Ketika mereka sekali lagi menjadi manusia, yang dermawan akan mengungguli yang
lainnya dalam kelima hal ini.”
“Tetapi, Bhante, jika kedua
orang ini meninggalkan keduniawian dari kehidupan rumah tangga menuju kehidupan
tanpa rumah, apakah masih ada kesenjangan atau perbedaan di antara mereka?”
“Ada, Sumanā,” Sang Bhagavā
berkata. “Yang dermawan, setelah meninggalkan keduniawian, akan mengungguli
yang lainnya dalam lima hal. (1) Ia biasanya mengenakan jubah yang telah secara
khusus dipersembahkan kepadanya, jarang mengenakan jubah yang tidak secara
khusus dipersembahkan kepadanya. (2) Ia biasanya memakan makanan yang telah
secara khusus dipersembahkan kepadanya, jarang memakan makanan yang tidak
secara khusus dipersembahkan kepadanya. (3) Ia biasanya menempati tempat tinggal
yang telah secara khusus dipersembahkan kepadanya, jarang menempati tempat
tinggal yang tidak secara khusus dipersembahkan kepadanya. (4) Ia biasanya
menggunakan obat-obatan dan perlengkapan bagi yang sakit yang telah secara
khusus dipersembahkan kepadanya, jarang menggunakan obat-obatan dan
perlengkapan bagi yang sakit yang tidak secara khusus dipersembahkan kepadanya.
(5) Teman-temannya para bhikkhu, yang dengan mereka ia menetap, biasanya
memperlakukannya dengan cara-cara yang menyenangkan melalui jasmani, ucapan,
dan pikiran, jarang dengan cara-cara yang tidak menyenangkan. Mereka biasanya
memberikan kepadanya apa yang menyenangkan, jarang memberikan [34] apa yang
tidak menyenangkan. Yang dermawan, setelah meninggalkan keduniawian, akan
mengungguli yang lainnya dalam kelima hal ini.”
“Tetapi, Bhante, jika keduanya
mencapai Kearahattaan, apakah masih ada kesenjangan atau perbedaan di antara
mereka setelah mereka mencapai Kearahattaan?”
“Dalam hal ini, Sumanā, Aku
nyatakan, tidak ada perbedaan antara kebebasan [yang satu] dan kebebasan [yang
lainnya].”
“Menakjubkan dan
mengagumkan, Bhante! Sesungguhnya, seseorang memiliki alasan yang bagus untuk
memberikan dana dan melakukan perbuatan-perbuatan berjasa, karena
perbuatan-perbuatan itu akan membantu jika ia menjadi deva, [sekali lagi]

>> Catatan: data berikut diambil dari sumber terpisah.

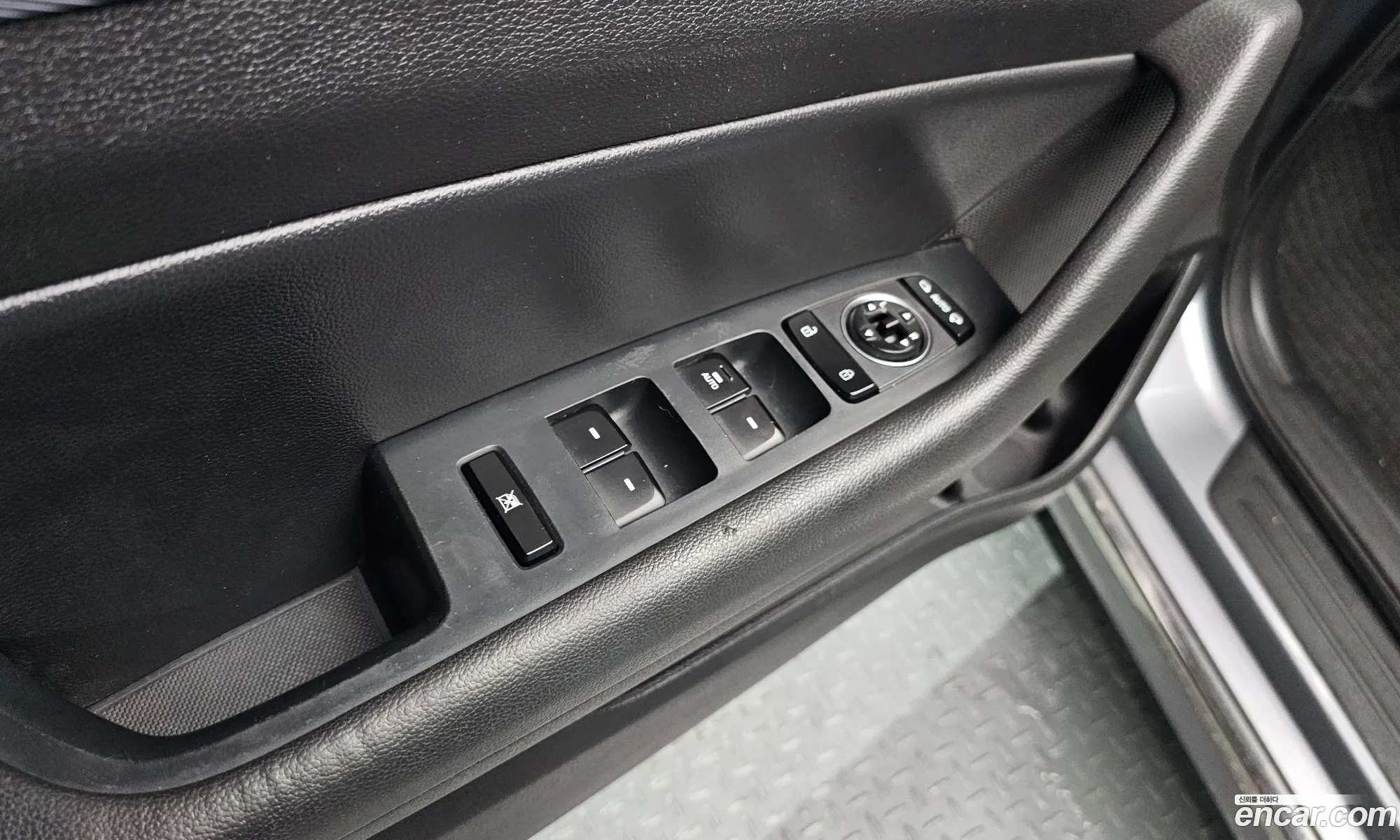 Hyundai LF Sonata Hybrid 2016 — 13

menjadi seorang manusia, atau meninggalkan keduniawian.”
“Demikianlah, Sumanā!,
demikianlah, Sumanā! Sesungguhnya, seseorang memiliki alasan yang bagus
untuk memberikan dana dan melakukan perbuatan-perbuatan berjasa, karena perbuatan-perbuatan
itu akan membantu jika ia menjadi deva, [sekali lagi] menjadi seorang manusia,
atau meninggalkan keduniawian.”
Itu adalah apa yang dikatakan
oleh Sang Bhagavā. Setelah mengatakan hal ini, Yang Sempurna Menempuh Sang
Jalan, Sang Guru, lebih lanjut berkata sebagai berikut:
“Seperti halnya rembulan
tanpa noda bergerak di sepanjang lintasan di angkasa cahayanya lebih cemerlang
daripada semua bintang di dunia, demikian pula seseorang yang sempurna dalam
perilaku bermoral, seorang yang memiliki keyakinan, lebih cemerlang karena
kedermawanan daripada semua orang kikir di dunia.
“Seperti halnya awan hujan
berpuncak-seratus, bergemuruh, di dalam lingkaran halilintar, menurunkan hujan
ke bumi membanjiri dataran-dataran dan tanah rendah, demikian pula siswa
Yang Tercerahkan Sempurna, yang bijaksana yang sempurna dalam penglihatan, melampaui
orang kikir dalam lima aspek: umur kehidupan dan keagungan, kecantikan dan
kebahagiaan. Memiliki kekayaan, setelah kematian ia bergembira di alam surga.”